Science of Science
Abstract

Recent years have seen the increasing availability of big scholarly data, such as Microsoft Academic Graph and Semantic Scholar, that record detailed publishing, granting, and patenting activities in the science and technology ecosystem. Science of science is an (re-)emerging field that uses those large data sets to study the workings underlying the practice of science and technology. In this talk, I will present some of my recent works along this line. I will particularly focus on how combining notions from translational medicine and network representation learning algorithms allows me to propose a method that quantifies the “basicness” of biomedical research, which further paves a way to study knowledge flows from science to technology.

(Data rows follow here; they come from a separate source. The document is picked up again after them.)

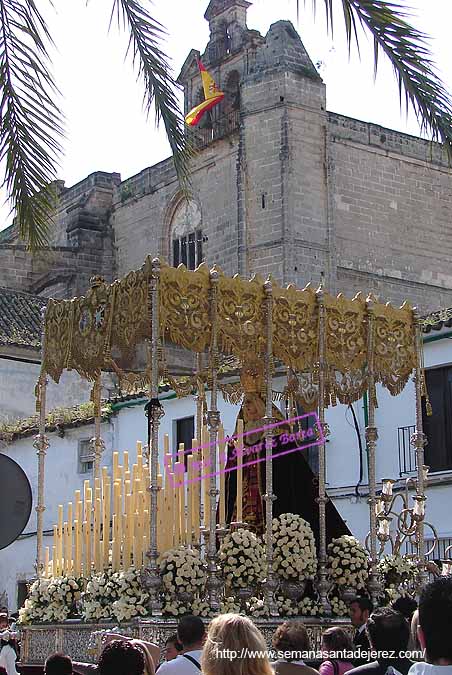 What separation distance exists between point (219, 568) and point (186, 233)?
24.8m

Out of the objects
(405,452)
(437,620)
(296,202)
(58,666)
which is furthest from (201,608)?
(296,202)

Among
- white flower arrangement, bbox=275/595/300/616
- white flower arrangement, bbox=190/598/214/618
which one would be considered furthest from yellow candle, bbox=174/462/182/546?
white flower arrangement, bbox=275/595/300/616

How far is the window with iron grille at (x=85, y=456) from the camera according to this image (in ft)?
61.9

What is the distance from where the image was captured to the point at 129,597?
8297mm

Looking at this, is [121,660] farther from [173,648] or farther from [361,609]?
[361,609]

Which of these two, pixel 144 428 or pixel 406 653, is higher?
pixel 144 428

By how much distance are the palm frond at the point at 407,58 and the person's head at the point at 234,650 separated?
137 inches

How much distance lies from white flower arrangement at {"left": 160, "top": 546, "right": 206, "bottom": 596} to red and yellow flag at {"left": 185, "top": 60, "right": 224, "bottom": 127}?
89.4 feet

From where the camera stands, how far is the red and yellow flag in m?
35.1

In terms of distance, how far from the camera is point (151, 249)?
34312mm

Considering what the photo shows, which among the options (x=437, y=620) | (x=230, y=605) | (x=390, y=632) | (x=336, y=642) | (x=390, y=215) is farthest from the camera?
(x=390, y=215)

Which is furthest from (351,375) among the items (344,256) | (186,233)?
(186,233)

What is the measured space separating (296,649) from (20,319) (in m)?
19.5

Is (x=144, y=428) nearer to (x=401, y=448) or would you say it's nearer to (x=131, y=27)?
(x=401, y=448)
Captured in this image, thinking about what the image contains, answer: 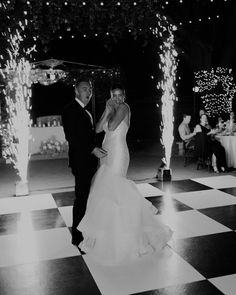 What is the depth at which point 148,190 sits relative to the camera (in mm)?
5234

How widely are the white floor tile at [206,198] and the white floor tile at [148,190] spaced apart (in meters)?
0.27

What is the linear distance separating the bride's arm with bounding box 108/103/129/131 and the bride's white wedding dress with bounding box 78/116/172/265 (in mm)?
380

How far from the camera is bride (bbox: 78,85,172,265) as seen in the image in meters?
2.97

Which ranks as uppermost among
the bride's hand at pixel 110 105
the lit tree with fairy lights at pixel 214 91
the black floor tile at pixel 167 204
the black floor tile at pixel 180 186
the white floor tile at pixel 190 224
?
the lit tree with fairy lights at pixel 214 91

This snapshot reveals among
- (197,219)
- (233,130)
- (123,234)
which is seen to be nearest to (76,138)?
(123,234)

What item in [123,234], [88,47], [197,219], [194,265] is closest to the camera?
[194,265]

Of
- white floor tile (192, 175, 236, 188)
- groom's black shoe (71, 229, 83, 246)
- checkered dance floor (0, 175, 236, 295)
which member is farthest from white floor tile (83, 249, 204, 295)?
white floor tile (192, 175, 236, 188)

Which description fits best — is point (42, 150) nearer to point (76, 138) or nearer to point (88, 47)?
point (88, 47)

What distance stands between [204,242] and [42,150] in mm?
6396

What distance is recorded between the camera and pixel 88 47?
12867 mm

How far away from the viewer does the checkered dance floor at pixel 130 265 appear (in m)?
2.50

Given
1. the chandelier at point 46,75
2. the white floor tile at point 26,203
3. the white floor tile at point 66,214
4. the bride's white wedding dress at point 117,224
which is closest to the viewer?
the bride's white wedding dress at point 117,224

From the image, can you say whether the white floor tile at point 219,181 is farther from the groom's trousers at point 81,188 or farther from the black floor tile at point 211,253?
the groom's trousers at point 81,188

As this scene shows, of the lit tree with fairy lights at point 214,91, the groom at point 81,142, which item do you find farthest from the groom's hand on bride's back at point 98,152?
the lit tree with fairy lights at point 214,91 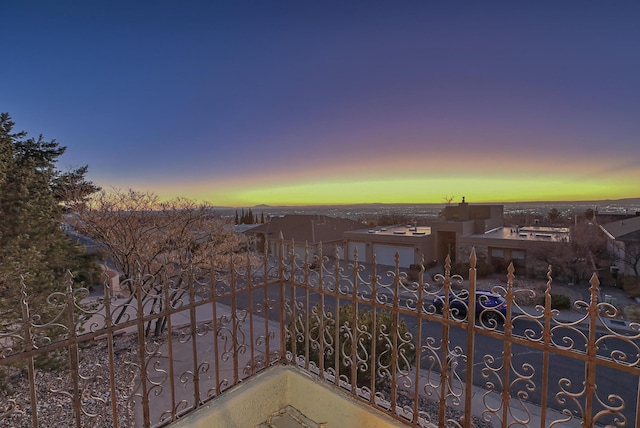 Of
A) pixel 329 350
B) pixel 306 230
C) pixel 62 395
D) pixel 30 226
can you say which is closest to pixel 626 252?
pixel 329 350

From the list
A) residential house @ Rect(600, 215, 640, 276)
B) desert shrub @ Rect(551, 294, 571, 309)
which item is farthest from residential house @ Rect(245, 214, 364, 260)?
residential house @ Rect(600, 215, 640, 276)

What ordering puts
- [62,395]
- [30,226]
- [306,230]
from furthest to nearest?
[306,230] → [30,226] → [62,395]

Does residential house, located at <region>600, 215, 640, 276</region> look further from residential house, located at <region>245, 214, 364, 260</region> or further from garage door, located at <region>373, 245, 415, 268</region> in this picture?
residential house, located at <region>245, 214, 364, 260</region>

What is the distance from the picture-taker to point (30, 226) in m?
7.51

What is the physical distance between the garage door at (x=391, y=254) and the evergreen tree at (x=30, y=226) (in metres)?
15.2

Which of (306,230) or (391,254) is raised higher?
(306,230)

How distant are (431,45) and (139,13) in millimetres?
4940

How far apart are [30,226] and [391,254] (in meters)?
17.0

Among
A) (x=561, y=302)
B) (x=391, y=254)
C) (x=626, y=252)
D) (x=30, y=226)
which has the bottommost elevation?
(x=561, y=302)

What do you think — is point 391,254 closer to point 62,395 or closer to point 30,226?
point 30,226

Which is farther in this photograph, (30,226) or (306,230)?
(306,230)

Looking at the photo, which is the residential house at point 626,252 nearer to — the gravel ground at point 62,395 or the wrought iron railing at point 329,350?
the wrought iron railing at point 329,350

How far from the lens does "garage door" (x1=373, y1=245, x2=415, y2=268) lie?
19.2m

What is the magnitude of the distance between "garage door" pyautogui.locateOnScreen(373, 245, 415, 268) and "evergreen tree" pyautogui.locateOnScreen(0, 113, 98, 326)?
49.9 ft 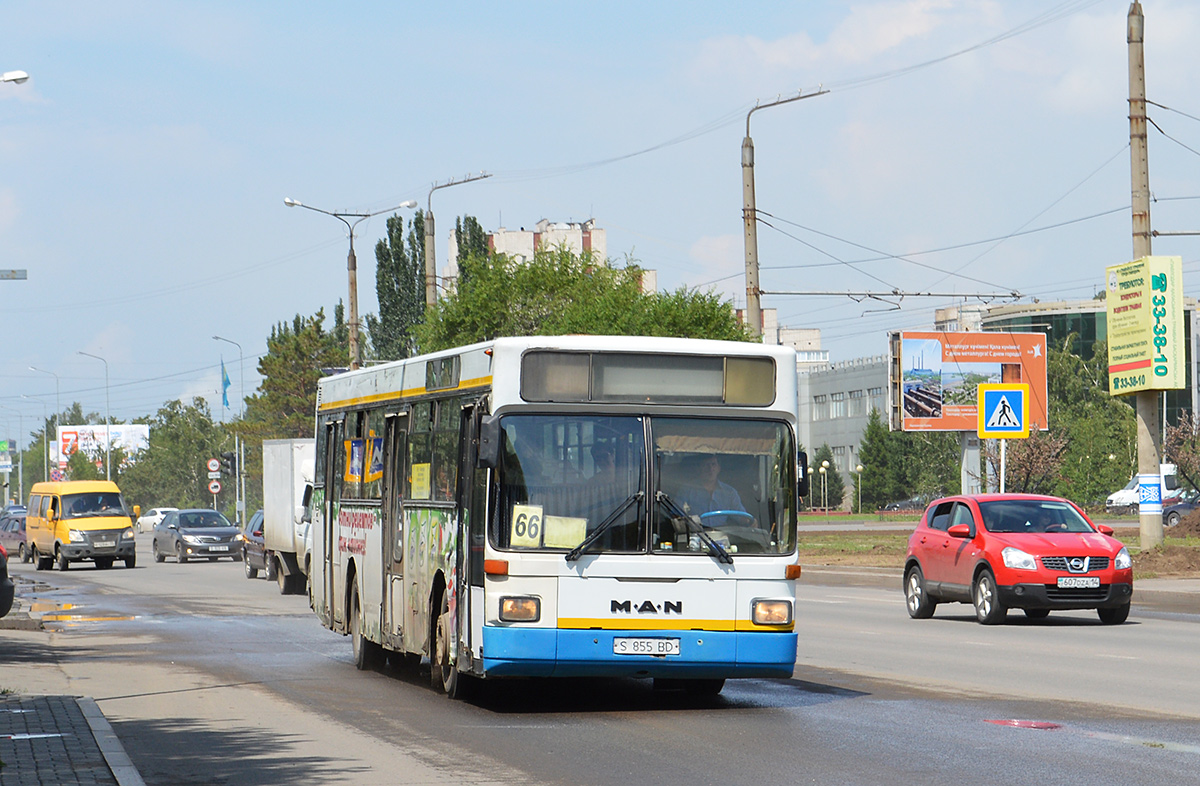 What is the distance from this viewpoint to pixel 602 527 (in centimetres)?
1227

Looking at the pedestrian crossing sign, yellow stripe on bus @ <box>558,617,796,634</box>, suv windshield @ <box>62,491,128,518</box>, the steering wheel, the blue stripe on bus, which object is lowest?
the blue stripe on bus

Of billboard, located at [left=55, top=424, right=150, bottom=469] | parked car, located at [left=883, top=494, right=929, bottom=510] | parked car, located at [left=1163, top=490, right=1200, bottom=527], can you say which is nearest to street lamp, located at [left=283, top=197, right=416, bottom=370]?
parked car, located at [left=1163, top=490, right=1200, bottom=527]

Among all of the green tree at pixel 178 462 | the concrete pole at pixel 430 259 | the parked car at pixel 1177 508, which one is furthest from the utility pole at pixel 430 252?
the green tree at pixel 178 462

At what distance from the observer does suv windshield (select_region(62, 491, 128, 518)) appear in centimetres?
4688

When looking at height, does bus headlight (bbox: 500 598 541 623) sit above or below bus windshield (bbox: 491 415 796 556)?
below

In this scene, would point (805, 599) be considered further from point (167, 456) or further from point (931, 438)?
point (167, 456)

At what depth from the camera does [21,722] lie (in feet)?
39.4

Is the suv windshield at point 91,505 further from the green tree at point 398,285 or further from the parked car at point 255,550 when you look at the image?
the green tree at point 398,285

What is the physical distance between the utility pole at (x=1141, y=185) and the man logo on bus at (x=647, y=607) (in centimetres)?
2312

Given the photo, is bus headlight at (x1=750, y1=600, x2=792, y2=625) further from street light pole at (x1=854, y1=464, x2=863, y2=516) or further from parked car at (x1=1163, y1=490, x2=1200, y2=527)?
street light pole at (x1=854, y1=464, x2=863, y2=516)

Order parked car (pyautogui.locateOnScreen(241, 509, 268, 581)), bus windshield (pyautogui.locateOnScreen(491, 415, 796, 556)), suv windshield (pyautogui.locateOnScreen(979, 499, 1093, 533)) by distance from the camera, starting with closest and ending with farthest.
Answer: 1. bus windshield (pyautogui.locateOnScreen(491, 415, 796, 556))
2. suv windshield (pyautogui.locateOnScreen(979, 499, 1093, 533))
3. parked car (pyautogui.locateOnScreen(241, 509, 268, 581))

I will conclude my talk by discussing ongoing work and future research directions. 

Speaker: Dr Qing KE 
Date: 10 February 2021 (Wed)
Time: 11:00am – 12:00pm
PosterClick here

Biography

Dr. Qing Ke is a Postdoctoral Associate at the Science of Science & Computational Discovery Lab at Syracuse University School of Information Studies. Previously he was a postdoc at the Center for Complex Network Research at Northeastern University, after completing his PhD in Informatics at Indiana University, Bloomington in 2018. His research leverages big data to explore a wide range of topics related to science, technology, innovation, and entrepreneurship. His research takes an interdisciplinary approach, by developing and integrating quantitative methods with social science theories.  He has published in diverse venues including Nature, PNAS, Research Policy, Journal of the American Medical Informatics Association, and the CSCW conference. His work was awarded Best Paper Honorable Mentions at CSCW and received world-wide media coverages such as Nature News, the New York Times, Scientific American, etc. He is also interested in data visualizations and produced one that was featured as Nature cover.